Who really cares what Hillary Clinton thinks about taxes, right? She’s Secretary of State in the Obama administration, not Treasury. It’s not as if Timothy Geithner said the following, as Clinton did last week:
Brazil has the highest tax-to-G.D.P. rate in the Western hemisphere. And guess what? It’s growing like crazy. The rich are getting richer, but they are pulling people out of poverty. There is a certain formula there that used to work for us until we abandoned it — to our regret, in my opinion. My view is that you have to get many countries to increase their public revenues.
The actual cross-country comparison doesn’t interest me much. Brazil has a very different tax structure and an economy that’s one-seventh the size of America’s. And I am not even sure, really, what Clinton is talking about. Brazil’s aggregate tax burden, as Dan Mitchell of Cato notes, of about 24 percent of GDP “is slightly below the aggregate tax burden in the United States.” And its top marginal income tax rate is a third lower than America’s.
But here is what I am interested in: Clinton’s tax analysis is perfectly reflective of the counter-reformation against the global tax revolution launched in the 1980s. According to this economic cosmology, tax burden is really a secondary or tertiary economic factor. Bill Clinton raised income taxes in the early 1990s, after all, and the U.S economy roared. (Here is a different economic narrative of that decade.) Of course, liberal Democrats are talking about increasing taxes far beyond what Clinton did– such as imposing a value-added tax — to deal with the exploding budget deficit. At the very least, as Clinton’s comments indicate, Democrats believe America’s wealthy still aren’t paying their fair share. But that is just wrong-headed for several reasons:
1) Top tax rates are already at dangerous levels where ever-higher rates bring in less money. Take a look at “The Elasticity of Taxable Income with Respect to Marginal Tax Rates” by Emmanuel Saez, Joel Slemrod and Seth Giertz:
Following the supply-side debates of the early 1980s, much attention has been focused on the revenue-maximizing tax rate. A top tax rate above [X] is inefficient because decreasing the tax rate would both increase the utility of the affected taxpayers with income above [Y] and increase government revenue, which can in principle be used to benefit other taxpayers. Using our previous example … the revenue maximizing tax rate would be 55.6%, not much higher than the combined maximum federal, state, Medicare, and typical sales tax rate in the United States of 2008.
2) Taxing the wealthy to solve the budget deficit would require confiscatory rates.

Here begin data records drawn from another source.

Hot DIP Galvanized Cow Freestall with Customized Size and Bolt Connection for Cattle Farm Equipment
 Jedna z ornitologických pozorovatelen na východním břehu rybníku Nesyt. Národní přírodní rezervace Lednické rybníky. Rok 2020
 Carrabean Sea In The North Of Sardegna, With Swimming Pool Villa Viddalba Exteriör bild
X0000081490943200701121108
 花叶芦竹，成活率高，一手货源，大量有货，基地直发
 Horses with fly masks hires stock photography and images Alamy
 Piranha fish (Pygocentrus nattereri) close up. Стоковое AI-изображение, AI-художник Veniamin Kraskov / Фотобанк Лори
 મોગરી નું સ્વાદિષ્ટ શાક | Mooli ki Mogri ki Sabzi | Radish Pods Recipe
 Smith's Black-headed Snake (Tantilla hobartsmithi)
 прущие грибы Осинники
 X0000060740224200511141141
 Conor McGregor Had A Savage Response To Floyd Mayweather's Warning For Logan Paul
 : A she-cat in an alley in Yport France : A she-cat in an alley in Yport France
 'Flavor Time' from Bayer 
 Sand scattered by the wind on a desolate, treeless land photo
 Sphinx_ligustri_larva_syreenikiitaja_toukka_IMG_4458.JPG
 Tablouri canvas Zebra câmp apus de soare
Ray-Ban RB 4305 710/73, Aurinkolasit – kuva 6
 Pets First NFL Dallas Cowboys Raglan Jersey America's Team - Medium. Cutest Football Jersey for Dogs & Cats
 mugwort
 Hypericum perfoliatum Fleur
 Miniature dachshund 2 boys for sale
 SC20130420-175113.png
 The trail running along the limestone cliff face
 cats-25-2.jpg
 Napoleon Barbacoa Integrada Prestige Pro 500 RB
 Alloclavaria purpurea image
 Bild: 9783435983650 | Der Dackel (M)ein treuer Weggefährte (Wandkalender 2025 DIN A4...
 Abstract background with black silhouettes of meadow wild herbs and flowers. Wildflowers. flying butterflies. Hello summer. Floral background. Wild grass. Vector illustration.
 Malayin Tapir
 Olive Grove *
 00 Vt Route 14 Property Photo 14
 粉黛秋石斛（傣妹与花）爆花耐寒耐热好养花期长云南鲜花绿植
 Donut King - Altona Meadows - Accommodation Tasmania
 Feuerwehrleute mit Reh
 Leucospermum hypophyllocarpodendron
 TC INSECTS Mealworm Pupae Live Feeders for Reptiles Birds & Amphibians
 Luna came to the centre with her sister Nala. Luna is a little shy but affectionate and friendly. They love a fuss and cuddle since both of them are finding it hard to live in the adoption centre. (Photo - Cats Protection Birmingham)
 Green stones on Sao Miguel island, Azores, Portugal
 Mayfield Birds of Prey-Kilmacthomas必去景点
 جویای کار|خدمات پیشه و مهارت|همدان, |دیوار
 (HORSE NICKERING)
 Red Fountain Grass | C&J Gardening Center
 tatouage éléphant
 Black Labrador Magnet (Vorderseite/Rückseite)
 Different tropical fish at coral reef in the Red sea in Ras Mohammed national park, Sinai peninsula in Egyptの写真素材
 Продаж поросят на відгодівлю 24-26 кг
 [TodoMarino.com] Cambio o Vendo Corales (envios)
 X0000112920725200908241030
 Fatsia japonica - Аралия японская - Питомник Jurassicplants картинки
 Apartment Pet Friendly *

As the Tax Policy Center found:
Washington would have to raise taxes by almost 40 percent to reduce — not eliminate, just reduce — the deficit to 3 percent of our GDP, the 2015 goal the Obama administration set in its 2011 budget. That tax boost would mean the lowest income tax rate would jump from 10 to nearly 14 percent, and the top rate from 35 to 48 percent.
What if we raised taxes only on families with couples making more than $250,000 a year and on individuals making more than $200,000? The top two income tax rates would have to more than double, with the top rate hitting almost 77 percent, to get the deficit down to 3 percent of GDP. Such dramatic tax increases are politically untenable and still wouldn’t come close to eliminating the deficit.
3) The rich already have a high tax burden. Here at the latest numbers from the Tax Foundation:
In 2007, the top 1 percent of tax returns paid 40.4 percent of all federal individual income taxes and earned 22.8 percent of adjusted gross income. Both of those figures—share of income and share of taxes paid—are significantly higher than they were in 2004 when the top 1 percent earned 19 percent of adjusted gross income (AGI) and paid 36.9 percent of federal individual income taxes. The 2007 numbers show that the top 1 percent’s income and tax shares reached all-time highs for the third year in a row. That is likely to reverse direction when data from recessionary 2008 is published a year from now.
Dramatic tax increases on the wealthy — much less the broad middle class – are neither the ticket to higher economic growth nor a path to fiscal solvency.
HBC…
I’m not sure how you inferred only 1% of Americans are rich, that’s just the group being used to make the point of income percentage vs. tax percentage. The poorest 10% of Americans are actually quite wealthy compared to much of the population of the world. That is the fruit of a free market capitalism – it’s the only system in the history of the world ever to lift masses of people out of poverty and destitution.
Barry…
Why even argue burden? It’s semantics. Either you believe it is morally right for the government to use the threat of force to take private property from some citizens in order to give it to other citizens or you believe it is morally wrong. It’s certainly not in keeping with the values of the founders of this country and it will certainly do serious harm to the system of incentives that made this country wealthy and powerful in the first place.
You obviously think the benefit to our society of more equal wealth distribution outweighs the reduction of freedom and liberty that comes along with very high taxes. Your approach is unconstitutional and will destroy the system of incentives that drives innovation and wealth creation. Don’t hide behind the word burden, I don’t think you care if it’s a burden on these folks or not, you simply think it’s unfair they finished with more than others.